El coraje de los colectivos de madres buscadoras hacia a la presidenta Claudia Sheinbaum deja ver la impotencia ante la desaparición de personas en el país. El reclamo de las familias, que estalló públicamente tras la presencia en Palacio Nacional de los dueños del pato Merlín, una mascota viral, mientras a ellas se les cierran las puertas del foro público, no es un simple berrinche por la agenda del día. En el fondo, expone la dolorosa estrategia de las víctimas para sobrevivir a la simulación institucional, el choque frontal sobre cómo debe atenderse la emergencia y el desamparo que se vive en las regiones.

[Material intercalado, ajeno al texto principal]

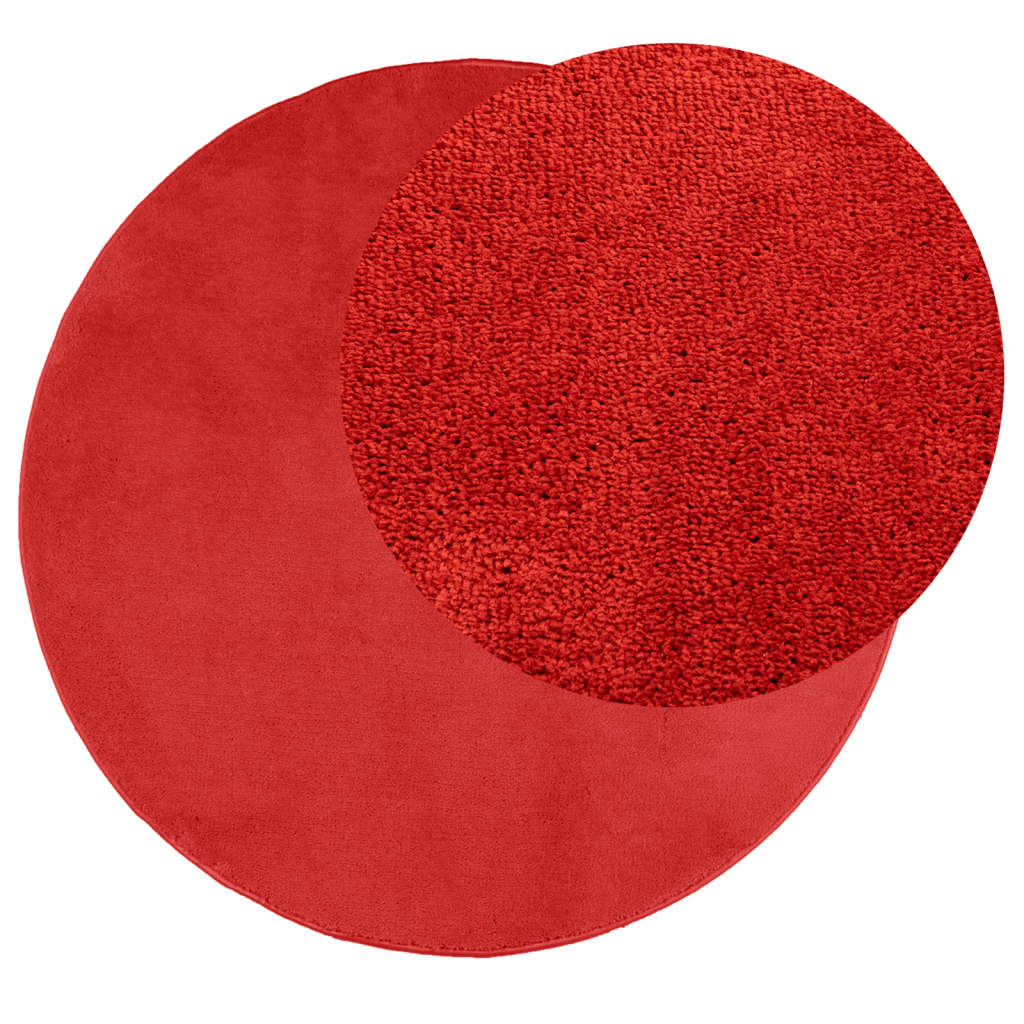 VIDAXL RAG OVIDO basso -pile Ø 80 cm rosso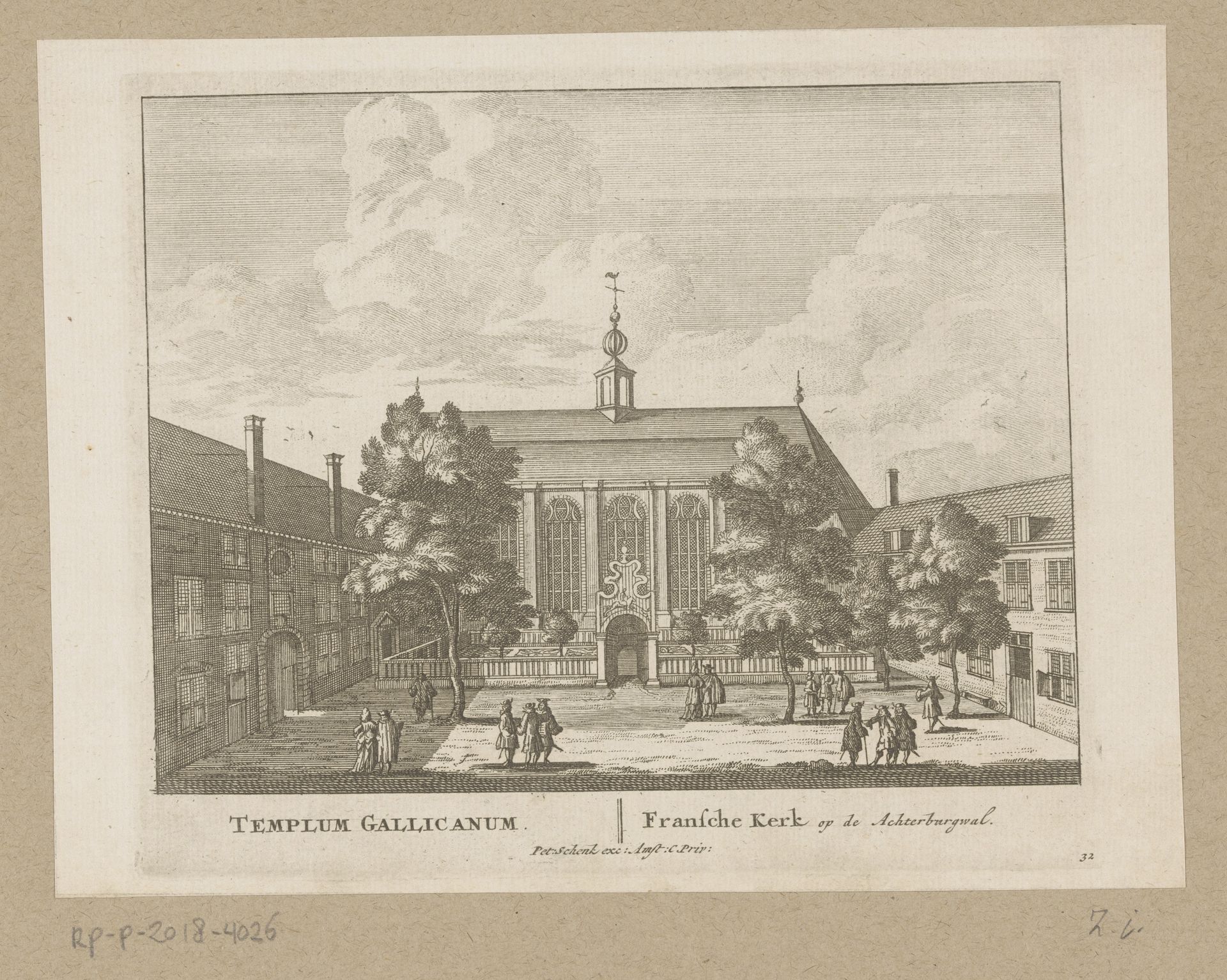 Gezicht op de Waalse Kerk en het Sint-Jorishof te Amsterdam by Anonymous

Para los colectivos, hablar con Claudia Sheinbaum no es por un acto de fe, no es ingenuidad. Saben que el sistema de justicia y los servicios forenses están colapsados, con más de 52 mil cuerpos acumulados sin identificar, y que una orden desde arriba no va a encontrar a sus hijos de la noche a la mañana. Sin embargo, en una estructura política donde el trabajo de campo de las autoridades solo se mueve bajo presión de la capital, el acuerdo directo con la Presidencia es la única llave para obligar a las autoridades a revisar los casos. Para las madres, las instituciones formales, como la Comisión Nacional de Búsqueda, terminan operando como ventanillas de trámites lentos y quedan atadas de manos si no existe un verdadero impulso político desde el máximo poder.

Claudia Sheinbaum insiste en ofrecer reuniones privadas y atención individualizada, argumentando que se busca evitar el uso mediático del dolor. El problema es que, para los colectivos, lo privado es sinónimo de invisibilidad. Las buscadoras no exigen favores personales, quieren que el gobierno federal asuma públicamente la magnitud de la tragedia. Para ellas, el diálogo abierto es la única forma de auditar el desempeño de la Comisión Nacional de Búsqueda, proteger su labor y evitar que la crisis quede solo en la revisión de censos y estadísticas oficiales.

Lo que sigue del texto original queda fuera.